My Crazy Semester: Thesis Writing

Monday, February 28th, 2011

Oops, I seem to have done things in the wrong order. The good news is that I have a job lined up for when I graduate. The… challenging… news is that I still have a few things to finish here in Berkeley: little things, like finalizing my analysis and writing my thesis! This has made for a rather busy semester, to say the least.

From the perspective of readers here, though, I’m not going anywhere fast. I will be switching universities, and (gasp!) switching experiments, but in neither case am I going far enough that I fall outside the subject of this blog. I didn’t mean “far enough” too literally, but the distances are about 2500 miles and 5.3 miles respectively.

This gives me lots to write about, so let me start with my thesis. It’s not that much fun. It has two parts: background stuff I have to look up, and describing my analysis in more detail. But it is, I have to admit, probably all wortwhile. The former part is all stuff that’s relevant to my work and I ought to be able to describe off the top of my head — and in fact, I usually can, but not with all the numbers and equations and details just right. The latter part is a good chance to really document what I did in my analysis, which is information that might not be public elsewhere. Maybe someone, someday, will want to look up what I did. Maybe I’ll look it up myself out of nostalgia. Once I get my thesis written at last, though, one thing I’m sure of: I won’t look at it again for a while. I’m already ready to move on!

While I’m working on that, here are some goodies from my thesis. The output of a helpful script I wrote:

Seth-Zenzs-MacBook-Pro:~ sethzenz$ python scripts/thesistimeleft.py

You have 75 days left to file your thesis!!!

It recalculates every day. I could make it send me automatic emails, if I really want to make myself nervous.

And here’s a bit of my (first draft) introduction, which tries to explain how my work fits into the overall context of the LHC program:

The Large Hadron Collider (LHC) was built to produce new particles and rare interactions at a high rate, but its first and foremost byproduct is sprays of low-energy hadrons. At its full design capacity, the LHC will cross proton bunches 31.6 million times per second at each interaction point, with an average of about 20 proton-proton collisions per crossing. Most of these collisions will be “soft” interactions, with relatively little energy exchanged and the outgoing hadrons having relatively little momentum perpendicular to the beam axis. These interactions are described in principle by Quantum Chromodynamics (QCD), the quantum field theory of the strong interactions. In practice, however, they are the most difficult to understand, because the theory becomes non-perturbative at low energies. Predictions can only be made via approximations and phenomenological models. This difficulty with low-energy strong interactions appears even in interactions that are initially well-described by perturbation theory. Outgoing high-energy quarks and gluons quickly “clothe” their strong color charge by evolving into jets of lower-energy hadrons, a process that again requires approximation and modelling.

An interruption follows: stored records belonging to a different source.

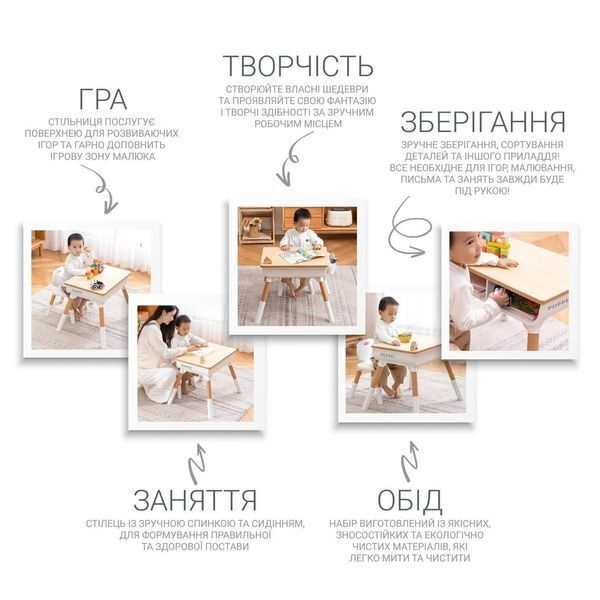 Дитячий багатофункціональний столик + стілець POPPET "Мультивуд 3 в 1" PP-010CP фото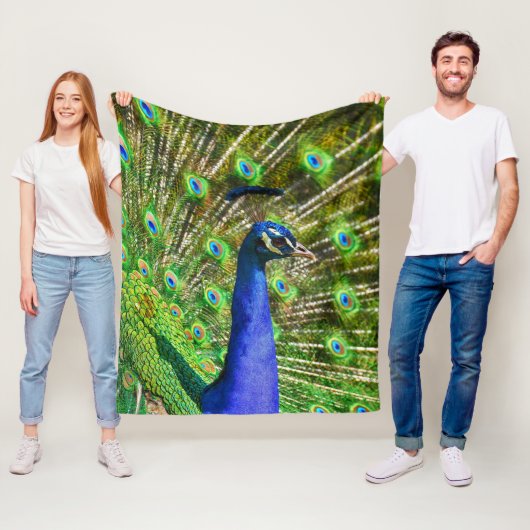 Peacock Feathers Soft Fleece Deken (In situ)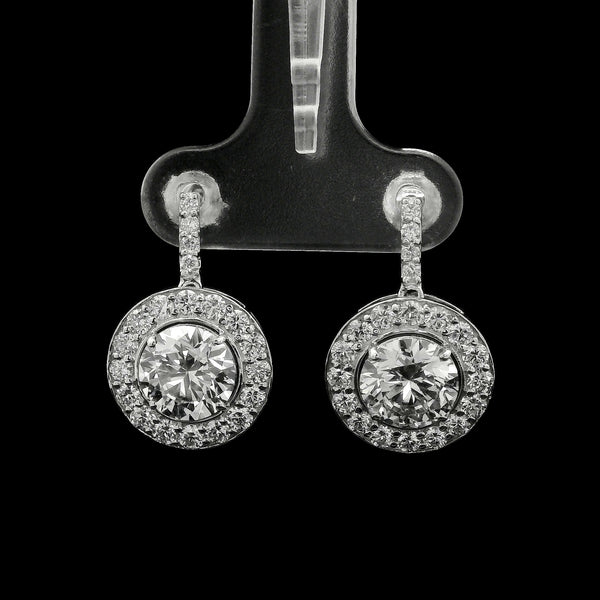 4.18 Ct Round Lab Grown Diamond 14K Gold Earrings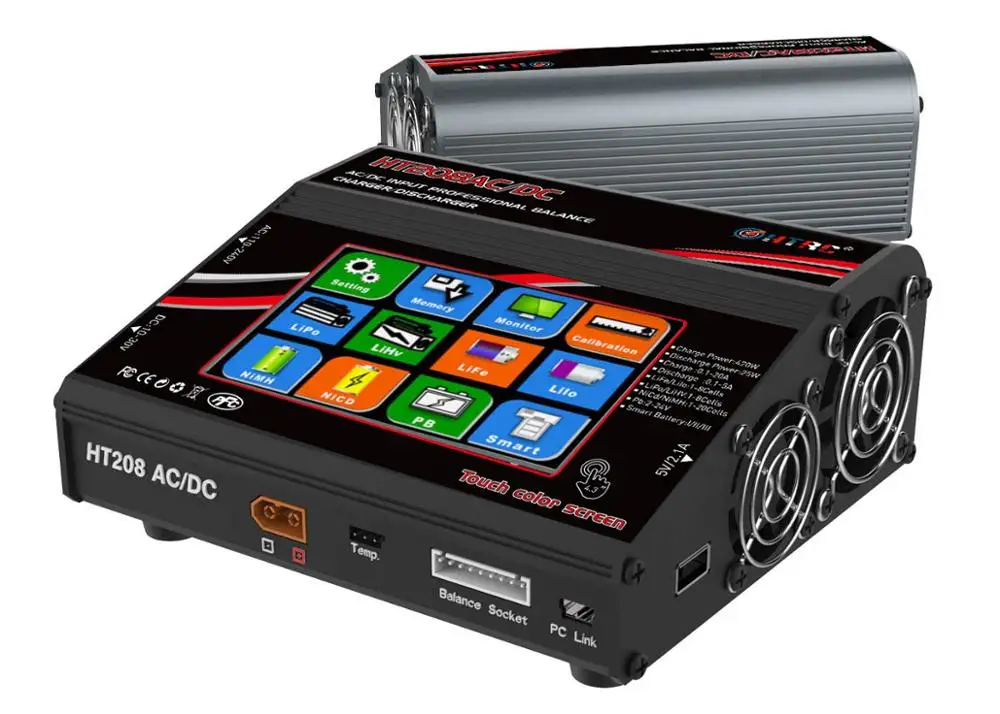 HTRC HT208 AC/DC 420 Вт 20A 4,3 дюймов цветной ЖК-экран баланс заряда батареи зарядное устройство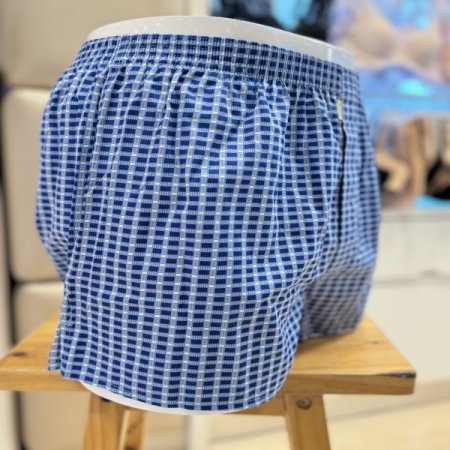 블루체크무늬 남성 사각 트렁크팬티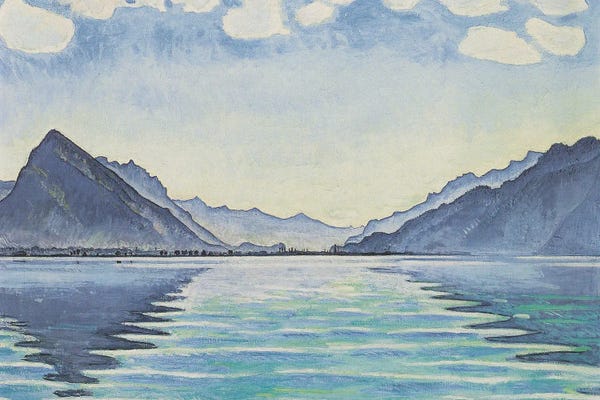 Lake Thun With Symmetrical Reflection - 1905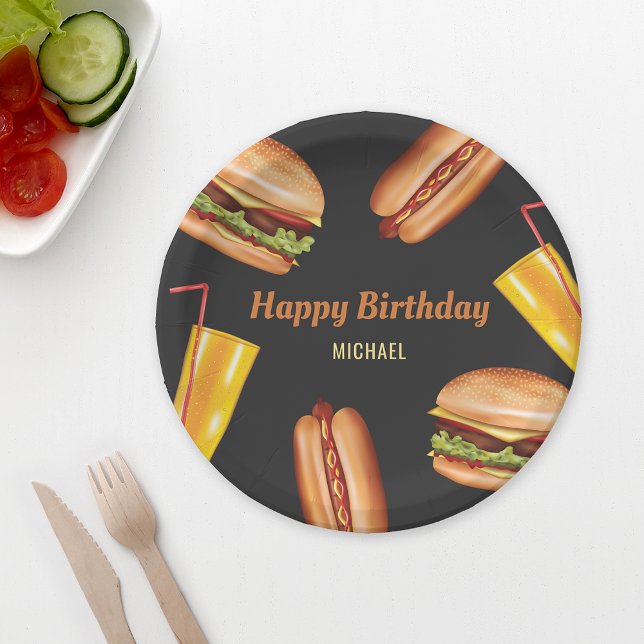 Hamburger And Hot Dog Fast Food Happy Birthday Paper Plate (Creator Uploaded)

The LHC’s general-purpose experiments, ATLAS and CMS, are equipped with multi-stage trigger systems that select against these common processes, for example by identifying leptons and missing energy produced in electroweak interactions. However, low-energy QCD still has a significant impact on the physics program in several areas. With so many collisions in each crossing, the most interesting collisions will have many low-energy collisions whose signals in the detector overlap with the objects of interest. In order for their effects to be subtracted, these features of these pileup collisions must be known quantitatively. The evolution of high-energy hadronic jets must also be well-understood. This is partially to account for their contribution as pileup events, but their energy must also be calibrated so they can be studied in their own right. Although even very high-energy jets are relatively common at the LHC, they can also serve as signatures of the decay of new particles.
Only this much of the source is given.